- [Task to complete]:
Your answer is the line containing "this 1329×896 image." plus every line after it to the end of the data below, transcribed exactly and with nothing else.

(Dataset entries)
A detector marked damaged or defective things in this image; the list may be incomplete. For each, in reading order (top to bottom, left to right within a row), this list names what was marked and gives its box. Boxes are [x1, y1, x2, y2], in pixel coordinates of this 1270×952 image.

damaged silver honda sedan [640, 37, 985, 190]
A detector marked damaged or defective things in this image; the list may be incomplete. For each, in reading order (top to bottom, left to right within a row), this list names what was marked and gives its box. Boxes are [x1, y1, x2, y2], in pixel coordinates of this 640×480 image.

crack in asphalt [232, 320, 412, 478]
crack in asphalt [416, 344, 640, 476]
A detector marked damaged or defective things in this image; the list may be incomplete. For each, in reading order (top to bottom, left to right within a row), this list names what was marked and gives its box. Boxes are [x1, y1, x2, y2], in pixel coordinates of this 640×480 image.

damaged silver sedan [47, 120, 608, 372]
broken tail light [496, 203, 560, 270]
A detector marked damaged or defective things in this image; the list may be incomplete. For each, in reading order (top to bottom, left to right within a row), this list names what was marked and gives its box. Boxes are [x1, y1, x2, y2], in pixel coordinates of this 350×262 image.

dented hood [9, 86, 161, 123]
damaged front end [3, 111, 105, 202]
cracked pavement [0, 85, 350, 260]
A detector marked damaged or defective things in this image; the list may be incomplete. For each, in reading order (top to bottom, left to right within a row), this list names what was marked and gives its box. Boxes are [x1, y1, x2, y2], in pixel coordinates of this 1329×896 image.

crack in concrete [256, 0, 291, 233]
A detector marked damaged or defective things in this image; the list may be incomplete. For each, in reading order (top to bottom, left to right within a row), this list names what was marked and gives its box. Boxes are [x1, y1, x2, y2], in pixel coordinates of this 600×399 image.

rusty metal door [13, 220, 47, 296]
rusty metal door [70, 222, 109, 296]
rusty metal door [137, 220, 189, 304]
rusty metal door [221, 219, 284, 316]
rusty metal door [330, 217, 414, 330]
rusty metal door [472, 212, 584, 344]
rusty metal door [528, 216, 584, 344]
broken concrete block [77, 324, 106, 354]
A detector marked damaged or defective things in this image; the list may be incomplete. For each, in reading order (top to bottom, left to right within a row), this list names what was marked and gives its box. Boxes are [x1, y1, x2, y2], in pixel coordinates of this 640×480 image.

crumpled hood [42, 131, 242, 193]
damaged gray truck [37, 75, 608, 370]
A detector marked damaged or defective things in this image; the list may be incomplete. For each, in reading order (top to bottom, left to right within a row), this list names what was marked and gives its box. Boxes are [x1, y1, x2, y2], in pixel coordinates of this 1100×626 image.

- [Solution below]:
A detector marked damaged or defective things in this image; the list may be incomplete. For each, in reading order (top to bottom, left to right within a row), this list names what was marked and gives its box. Boxes are [x1, y1, x2, y2], in pixel coordinates of this 1329×896 image.

crack in concrete [256, 0, 291, 233]
A detector marked damaged or defective things in this image; the list may be incomplete. For each, in reading order (top to bottom, left to right within a row), this list names what was marked and gives its box. Boxes are [x1, y1, x2, y2], in pixel coordinates of this 600×399 image.

rusty metal door [13, 220, 47, 296]
rusty metal door [70, 222, 109, 296]
rusty metal door [137, 220, 189, 304]
rusty metal door [221, 219, 284, 316]
rusty metal door [330, 217, 414, 330]
rusty metal door [472, 212, 584, 344]
rusty metal door [528, 216, 584, 344]
broken concrete block [77, 324, 106, 354]
A detector marked damaged or defective things in this image; the list may be incomplete. For each, in reading order (top to bottom, left to right within a row), this list names what was marked and gives its box. Boxes are [x1, y1, x2, y2], in pixel coordinates of this 640×480 image.

crumpled hood [42, 131, 242, 193]
damaged gray truck [37, 75, 608, 370]
A detector marked damaged or defective things in this image; the list may be incomplete. For each, in reading order (top to bottom, left to right within a row), this list names what was marked and gives its box. Boxes are [x1, y1, x2, y2], in pixel coordinates of this 1100×626 image.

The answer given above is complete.